Teddy Roosevelt may have been the first president to trumpet himself as more than a guy behind a big desk, riding horses in Rock Creek Park and boxing in the White House. But the phrase “presidential sex appeal” likely did not exist until John F. Kennedy ambled into politics with his smiling, square-shouldered gait, often celebrated in Life magazine.

At times, politicians have shown their fitness in order to prove something. In 1992, Paul Tsongas, a senator from Massachusetts who was running for president, swam the butterfly stroke to convince voters he had licked cancer. But Bill Clinton won the presidency that year, after Americans somehow made sense of his simultaneous passions for Big Macs and jogging (not to mention those short running shorts).

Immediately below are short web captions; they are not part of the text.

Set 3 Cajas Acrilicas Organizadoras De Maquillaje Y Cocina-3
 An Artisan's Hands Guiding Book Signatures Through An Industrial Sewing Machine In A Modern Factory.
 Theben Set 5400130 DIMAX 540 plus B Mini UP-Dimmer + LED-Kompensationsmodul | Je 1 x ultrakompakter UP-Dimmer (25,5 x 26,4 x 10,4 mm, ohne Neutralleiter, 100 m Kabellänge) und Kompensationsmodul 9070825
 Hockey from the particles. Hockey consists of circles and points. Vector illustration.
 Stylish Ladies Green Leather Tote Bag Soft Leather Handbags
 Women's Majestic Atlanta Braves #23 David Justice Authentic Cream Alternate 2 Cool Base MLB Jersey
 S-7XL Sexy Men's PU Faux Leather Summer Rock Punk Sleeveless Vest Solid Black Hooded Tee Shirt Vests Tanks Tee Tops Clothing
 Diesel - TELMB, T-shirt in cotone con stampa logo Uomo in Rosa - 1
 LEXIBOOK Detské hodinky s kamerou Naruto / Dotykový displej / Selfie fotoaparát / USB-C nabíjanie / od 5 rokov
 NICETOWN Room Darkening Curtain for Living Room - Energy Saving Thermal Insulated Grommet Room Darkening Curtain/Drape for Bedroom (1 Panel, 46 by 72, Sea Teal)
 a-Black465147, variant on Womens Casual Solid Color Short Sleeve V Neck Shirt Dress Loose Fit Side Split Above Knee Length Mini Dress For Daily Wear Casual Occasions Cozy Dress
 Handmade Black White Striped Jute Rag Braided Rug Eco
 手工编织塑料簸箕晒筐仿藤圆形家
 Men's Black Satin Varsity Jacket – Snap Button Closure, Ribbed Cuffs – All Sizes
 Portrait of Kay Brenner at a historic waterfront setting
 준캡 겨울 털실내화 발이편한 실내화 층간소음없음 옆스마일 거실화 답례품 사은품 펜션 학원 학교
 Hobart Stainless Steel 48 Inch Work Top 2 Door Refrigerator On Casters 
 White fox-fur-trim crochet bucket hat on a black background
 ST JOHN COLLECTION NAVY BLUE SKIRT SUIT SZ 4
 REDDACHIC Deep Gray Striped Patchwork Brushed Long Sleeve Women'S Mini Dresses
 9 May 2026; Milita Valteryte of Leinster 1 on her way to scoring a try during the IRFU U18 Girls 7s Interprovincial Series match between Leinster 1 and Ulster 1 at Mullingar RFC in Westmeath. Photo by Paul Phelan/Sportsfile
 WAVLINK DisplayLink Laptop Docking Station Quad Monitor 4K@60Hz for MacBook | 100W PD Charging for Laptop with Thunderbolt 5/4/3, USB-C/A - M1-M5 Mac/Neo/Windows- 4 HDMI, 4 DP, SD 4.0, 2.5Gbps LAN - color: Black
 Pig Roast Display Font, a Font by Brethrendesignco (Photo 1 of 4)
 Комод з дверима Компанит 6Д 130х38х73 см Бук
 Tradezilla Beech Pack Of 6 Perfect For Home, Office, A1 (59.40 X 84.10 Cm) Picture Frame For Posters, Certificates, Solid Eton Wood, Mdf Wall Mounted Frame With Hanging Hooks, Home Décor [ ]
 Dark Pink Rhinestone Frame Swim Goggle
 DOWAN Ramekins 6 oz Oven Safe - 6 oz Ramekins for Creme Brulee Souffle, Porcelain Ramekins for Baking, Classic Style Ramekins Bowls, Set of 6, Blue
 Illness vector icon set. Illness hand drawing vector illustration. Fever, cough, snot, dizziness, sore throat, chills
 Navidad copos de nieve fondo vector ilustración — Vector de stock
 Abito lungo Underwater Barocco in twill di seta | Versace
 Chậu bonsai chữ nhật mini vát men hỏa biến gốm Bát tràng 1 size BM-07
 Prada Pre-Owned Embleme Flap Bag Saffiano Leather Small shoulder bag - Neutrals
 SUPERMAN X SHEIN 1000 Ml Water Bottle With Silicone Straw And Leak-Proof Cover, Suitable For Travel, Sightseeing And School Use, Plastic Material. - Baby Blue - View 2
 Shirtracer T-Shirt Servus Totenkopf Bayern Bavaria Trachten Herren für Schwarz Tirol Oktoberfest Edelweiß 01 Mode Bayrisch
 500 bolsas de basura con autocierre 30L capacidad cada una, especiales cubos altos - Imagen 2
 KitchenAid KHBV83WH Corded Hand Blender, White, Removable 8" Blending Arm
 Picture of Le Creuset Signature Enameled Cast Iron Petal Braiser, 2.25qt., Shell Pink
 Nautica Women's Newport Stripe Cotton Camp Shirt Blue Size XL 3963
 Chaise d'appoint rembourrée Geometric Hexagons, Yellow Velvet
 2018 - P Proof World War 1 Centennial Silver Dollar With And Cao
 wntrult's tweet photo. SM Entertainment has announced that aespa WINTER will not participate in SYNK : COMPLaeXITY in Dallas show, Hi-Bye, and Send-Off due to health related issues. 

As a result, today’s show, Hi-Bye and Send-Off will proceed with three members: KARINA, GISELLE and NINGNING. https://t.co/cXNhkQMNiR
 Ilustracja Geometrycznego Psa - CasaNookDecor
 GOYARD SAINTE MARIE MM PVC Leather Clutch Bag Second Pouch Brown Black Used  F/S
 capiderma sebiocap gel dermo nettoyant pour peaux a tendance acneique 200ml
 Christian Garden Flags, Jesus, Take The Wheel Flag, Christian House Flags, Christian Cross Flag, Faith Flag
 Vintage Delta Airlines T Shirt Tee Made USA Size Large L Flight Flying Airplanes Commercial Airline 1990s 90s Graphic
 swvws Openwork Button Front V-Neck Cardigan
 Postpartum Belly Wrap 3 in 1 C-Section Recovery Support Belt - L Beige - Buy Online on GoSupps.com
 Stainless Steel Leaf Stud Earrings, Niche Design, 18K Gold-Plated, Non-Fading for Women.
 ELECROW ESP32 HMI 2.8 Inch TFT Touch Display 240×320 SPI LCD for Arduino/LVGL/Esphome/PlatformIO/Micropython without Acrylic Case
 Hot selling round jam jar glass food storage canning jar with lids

For all the attention candidates devote to appearance, physical attractiveness does not guarantee political success. Just ask John Edwards and Mitt Romney, both of whom likely could have found work as J. Crew catalogue models after their presidential campaigns tanked.

“How many Republicans are going to say, ‘We’re voting for Barack Obama because he’s good looking,’ ” said Ryan Enos, a Harvard professor who studies political psychology. “As best we can tell, it doesn’t matter.”

O’Malley’s supporters insist their guy is a wonkish nerd, more interested in policy than preening. Yet O’Malley has demonstrated that tending to his own pecs is more than a fleeting interest.

He acknowledged in February that he works out at a gym when he reported that he had broken his elbow while pumping iron.

“Surgery went well,” O’Malley tweeted. “I’m on the road to a quick recovery.”

The former governor’s tweet did not include a photograph.